_SOURCE MATERIAL:_
* * * * * * * * *
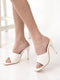 Women White Open Toe Quilted Stiletto Heel Slip-On Slipper Sandals|Soft Padded Insole|Semi Formals Outfit Sandals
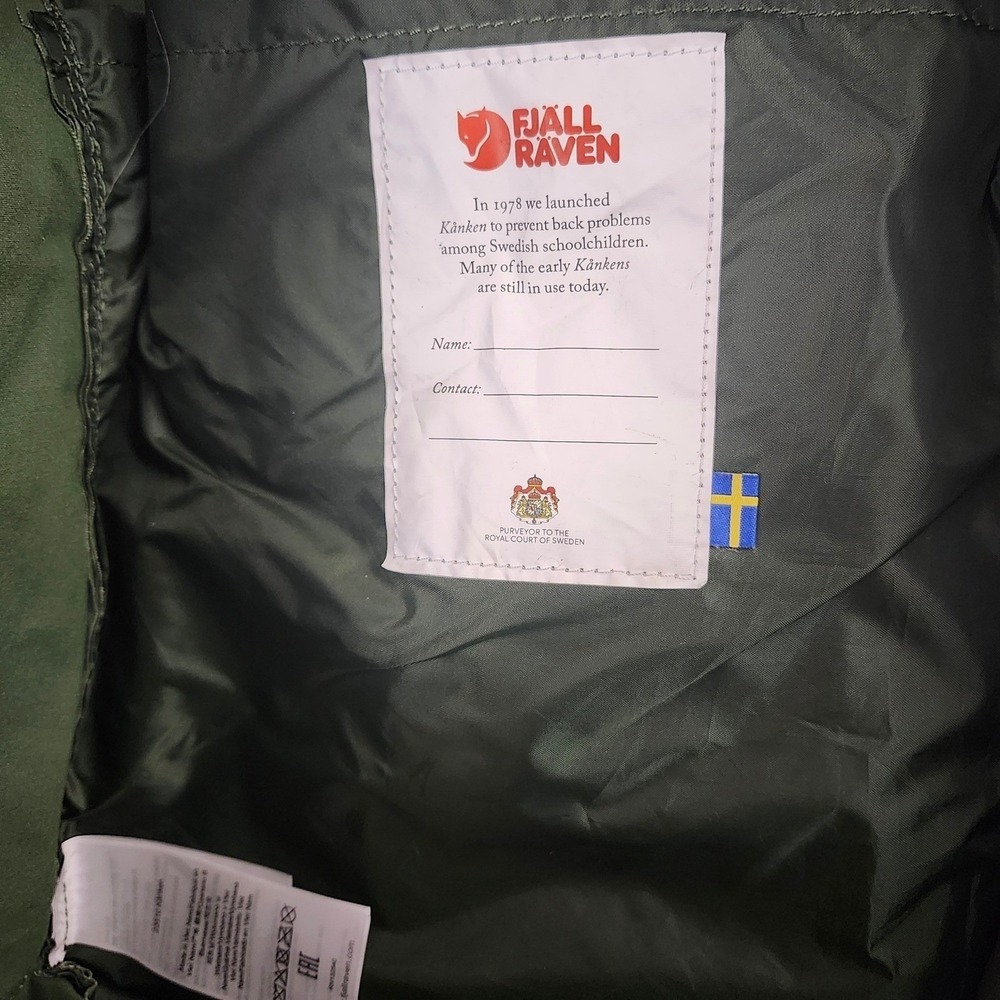 Fjallraven Kanken Classic Backpack Forest Green Tan 23510 Everyday School Bag - Picture 7 of 11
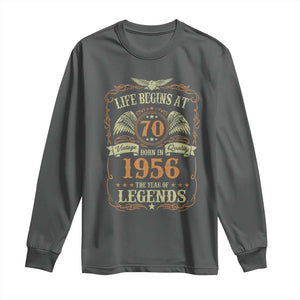 70th Birthday Long Sleeve Shirt Life Begins At 70 Born In 1956 The Year Of Legends TS11 Dark Heather Print Your Wear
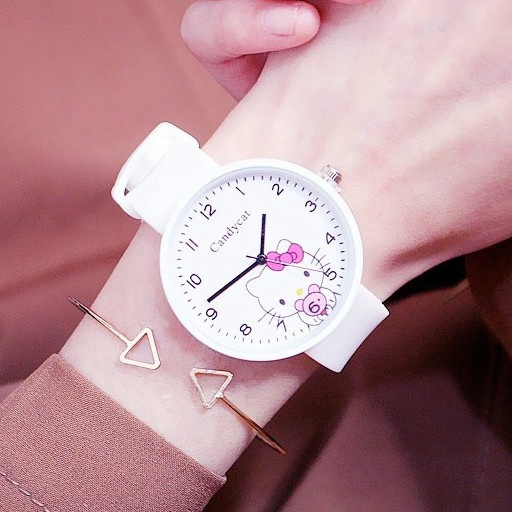 Đồng Hồ Đeo Tay In Hoạt Hình Hello Kitty Thiết Kế Dễ Thương Cho Bé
* * * * * * * * *
_REQUIREMENT:_ Reproduce the data word for word; no pictures.

_ANSWER SPACE:_
 Women White Open Toe Quilted Stiletto Heel Slip-On Slipper Sandals|Soft Padded Insole|Semi Formals Outfit Sandals
 Fjallraven Kanken Classic Backpack Forest Green Tan 23510 Everyday School Bag - Picture 7 of 11
 70th Birthday Long Sleeve Shirt Life Begins At 70 Born In 1956 The Year Of Legends TS11 Dark Heather Print Your Wear
 Đồng Hồ Đeo Tay In Hoạt Hình Hello Kitty Thiết Kế Dễ Thương Cho Bé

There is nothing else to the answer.